En plus de souligner l'amitié entre la Chine et la RPDC, proches comme "les lèvres et les dents" selon la vieille expression, la visite du Premier ministre chinois a permis d'exposer les positions chinoise et nord-coréenne quant à la dénucléarisation de la péninsule coréenne. Le dirigeant coréen Kim Jong-il a ainsi rappelé que la dénucléarisation de la péninsule coréenne était une volonté du président Kim Il-sung. Pour y parvenir, il est nécessaire de pacifier les relations hostiles entre la RPDC et les Etats-Unis grâce à des discussions bilatérales. En fonction du résultat de ces discussions, la RPDC est prête à participer à des négociations multilatérales, y compris aux pourparler à six. "Nos efforts pour atteindre l'objectif d'une péninsule dénucléarisée restent inchangés", a conclu le dirigeant coréen.
De 2003 à 2008, les pourparlers à six sur la dénucléarisation de la péninsule coréenne ont réuni les deux Corée, les Etats-Unis, la Chine, la Russie et le Japon. En avril 2009, après sa condamnation par le Conseil de sécurité des Nations Unies pour avoir lancé un satellite de télécommunications, la RPDC s'est retirée de ces pourparlers devenus, selon elle, une simple "tribune servant à porter atteinte à sa souveraineté à la forcer à désarmer." Il est à noter que l'envoyé chinois aux pourparlers à six, le vice-ministre des Affaires étrangères Wu Dawei, faisait partie de la délégation emmenée par Wen Jiabao en RPDC.

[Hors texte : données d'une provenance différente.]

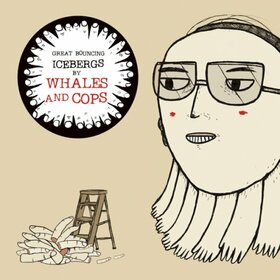 WHALES & COPS - GREAT BOUNCING ICEBERGS 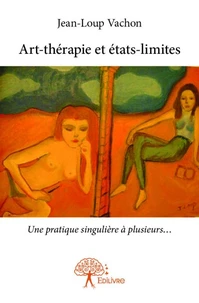 Art-thérapie et états-limites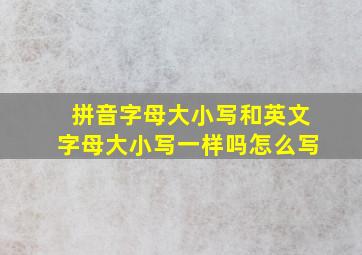 拼音字母大小写和英文字母大小写一样吗怎么写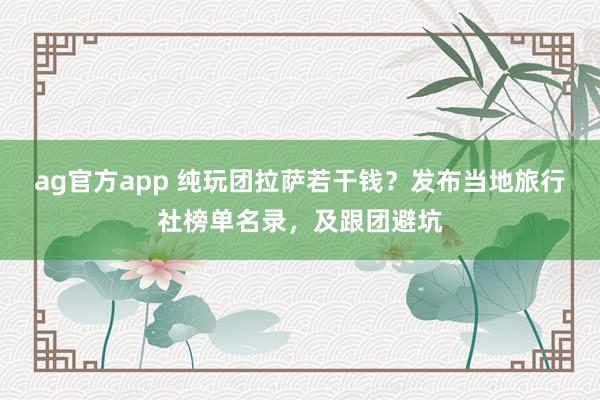 ag官方app 纯玩团拉萨若干钱？发布当地旅行社榜单名录，及跟团避坑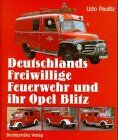 Udo Paulitz - Deutschlands Freiwillige Feuerwehr und ihr Opel Blitz - Preis vom 30.09.2026 09:01:18 h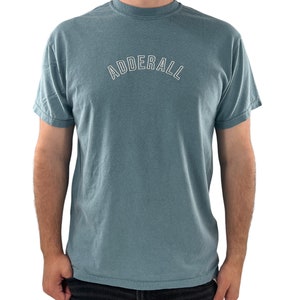 Adderall Embroidered Unisex Comfort Colors Tee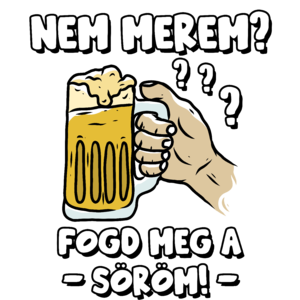 Nem merem fogd meg a söröm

A l'issue de leurs entretiens, Kim Jong-il et Wen Jiabao "sont parvenus à un consensus fondamental" sur la dénucléarisation de la péninsule coréenne, a rapporté l'agence officielle Xinhua (Chine nouvelle).

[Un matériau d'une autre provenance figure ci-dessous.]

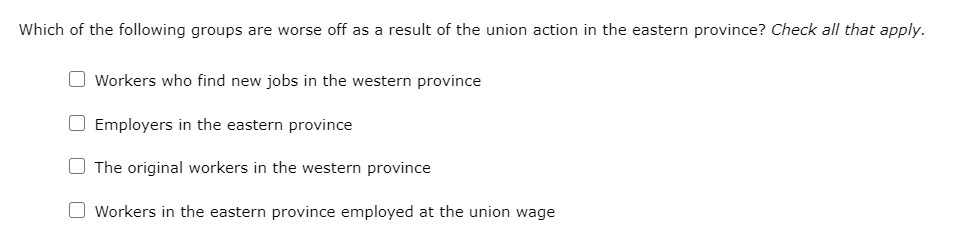 union. Through collective bargaining, the union negotiates a wage of $10.00 per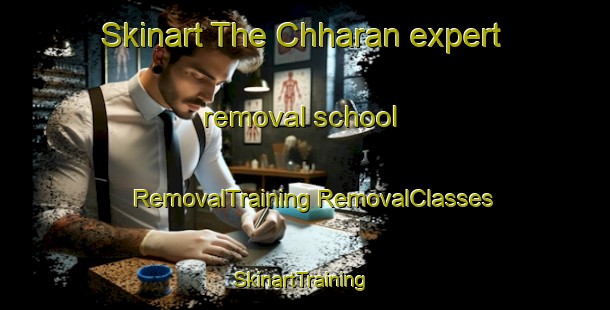 Skinart The Chharan expert removal school | #RemovalTraining #RemovalClasses #SkinartTraining-Bangladesh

Du côté des autres parties aux pourparlers, la Russie, par la voix de son vice-ministre des Affaires étrangères, Alexandre Borodavkine, a salué l'intention de la RPDC d'avoir un dialogue bilatéral avec les Etats-Unis en prélude à la reprise du processus des négociations à six.
Selon plusieurs experts russes, malgré le retrait de la RPDC des pourparlers à six - annoncé comme définitif - la position nord-coréenne sur ces pourparlers reste inchangée. Tout dépend désormais de l'attitude adoptée par les Etats-Unis qui n'ont jusqu'à présent manié que l'intimidation et les sanctions vis-à-vis de la Corée du Nord. Sans résultats. Selon Evgueni Kim, du Centre d'études coréennes à l'Institut russe de l'Extrême-Orient, "Washington ne sait que trop bien que Pyongyang ne se décidera jamais au démantèlement unilatéral de son programme nucléaire tant qu'il n'aura pas de garanties solides. Le durcissement des sanctions n'effraie pas outre mesure la Corée du Nord."

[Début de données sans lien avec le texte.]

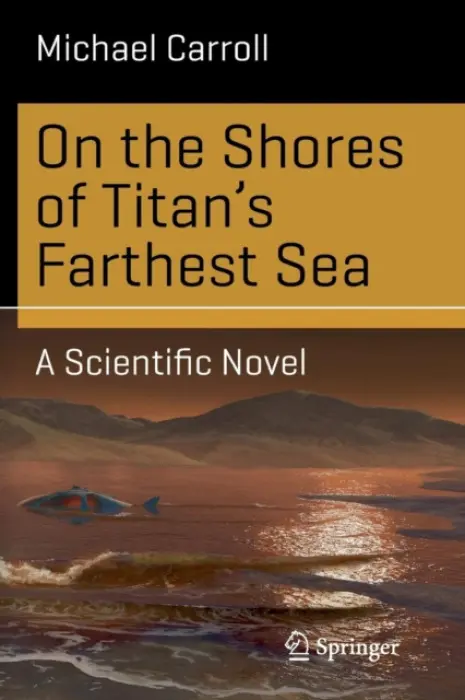 On the Shores of Titan's Farthest Sea - Carroll, Michael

Pour sa part, le Japon, où le nouveau Premier ministre, Yukio Hatoyama, prône le dialogue et la coopération, a salué la volonté de la Corée du Nord de reprendre, sous condition, les pourparlers à six. "Des discussions bilatérales sont attendues entre les Etats-Unis et la Corée du Nord", a noté avec satisfaction le ministre japonais des Affaires étrangères Katsuya Okada. Il a toutefois ajouté que celles-ci "doivent avoir lieu dans le cadre strict des négociations à six." Quoi qu'il en soit, ce discours marque une rupture avec l'intransigeance du gouvernement japonais précédent, lequel a soulevé le problème de la disparition de plusieurs de ses ressortissants - sans rapport avec la question du nucléaire nord-coréen - pour ne pas respecter les accords signés en février et octobre 2007 lors des pourparlers. [1]
Face à la bonne volonté manifestée par la RPDC à l'issue de la visite du Premier ministre chinois, la satisfaction affichée par la Russie et, dans une moindre mesure, par le Japon tranche avec la méfiance des Etats-Unis et de la Corée du Sud.
Traditionnellement opposés à des discussions directes avec Pyongyang, les Etats-Unis ont fini par accepter le principe de discussions bilatérales avec la RPDC mais seulement dans le cadre multilatéral des pourparlers à six. Ainsi, l'administration américaine hésite toujours à envoyer à Pyongyang son émissaire pour la Corée du Nord, Stephen Bosworth. "Aucune décision n'a été prise à ce sujet", déclarait encore le 5 octobre le porte-parole du département d'Etat américain cité par l'agence sud-coréenne Yonhap.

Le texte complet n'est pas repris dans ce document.